After data is collected, you can view the data in the Log Service console. In addition to the data that is parsed by using the regular expression, you can view the HTTP request method, request URL, response time, status code, and request result.
"Index" : "7"  
"connection" : "1"  
"accepts" : "6079"  
"handled" : "6079"  
"requests" : "11596"  
"reading" : "0"  
"writing" : "1"  
"waiting" : "0"
"_method_" : "GET"  
"_address_" : "http://127.0.0.1/ngx_status"  
"_response_time_ms_" : "1.320"  
"_http_response_code_" : "200"  
"_result_" : "success"
By default, the following fields are uploaded for each request.
Field Description
_address_ The request URL.
_method_ The request method.
_response_time_ms_ The response latency. Unit: milliseconds.
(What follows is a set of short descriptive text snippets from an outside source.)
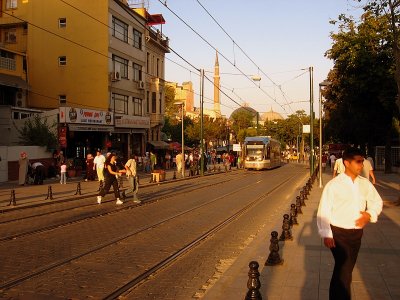 Divanyolu Caddesi, Sultanahmet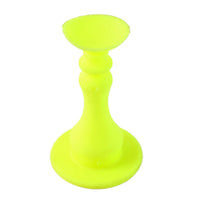 Neon Yellow Washing Machine Door Holder Washing Machine Door Stopper (1 Pc)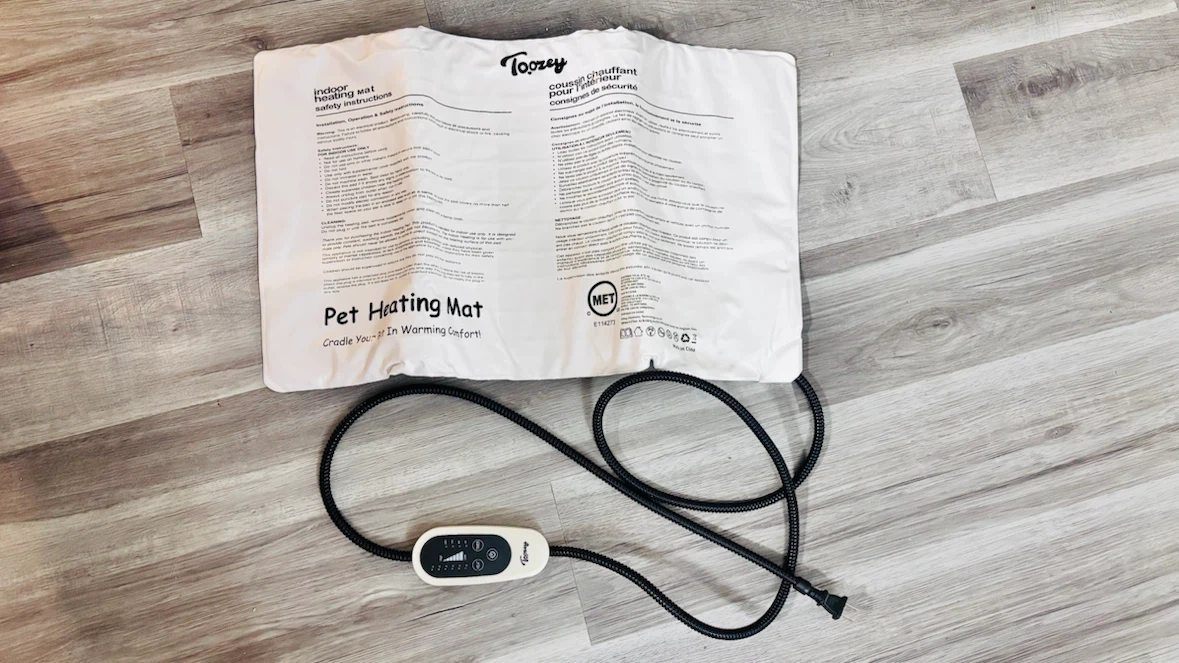 Toozey Pet Heating Mat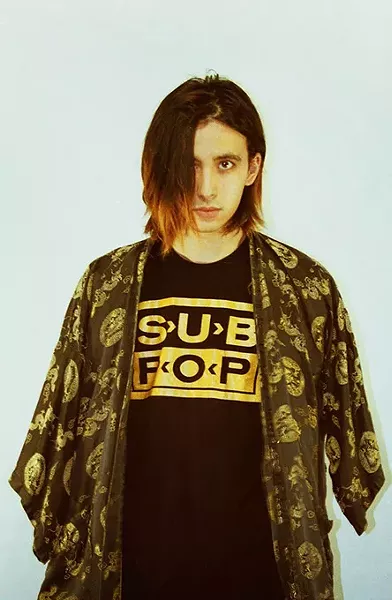 Cullen Omori promo photo - ALEXA LOPEZ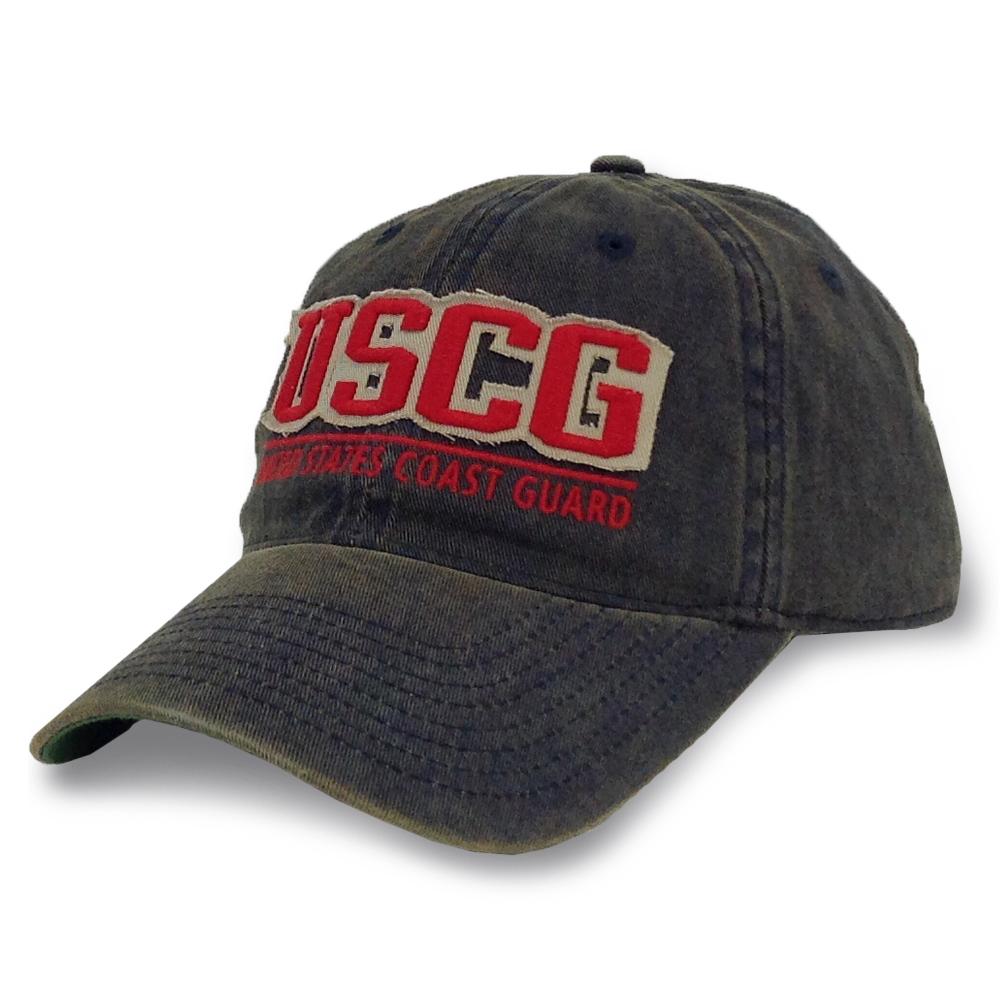 USCG OLD FAVORITE HAT 4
_http_response_code_ The HTTP status code.
_result_ The request result. Valid values: success, invalid_body, match_regex_invalid, mismatch, and timeout.
_response_match_ Specifies whether the content of the response body matches the regular expression that is specified by the ResponseStringMatch parameter. If the ResponseStringMatch parameter is not specified, the value of this field is null. If the ResponseStringMatch parameter is specified, the value is yes or no.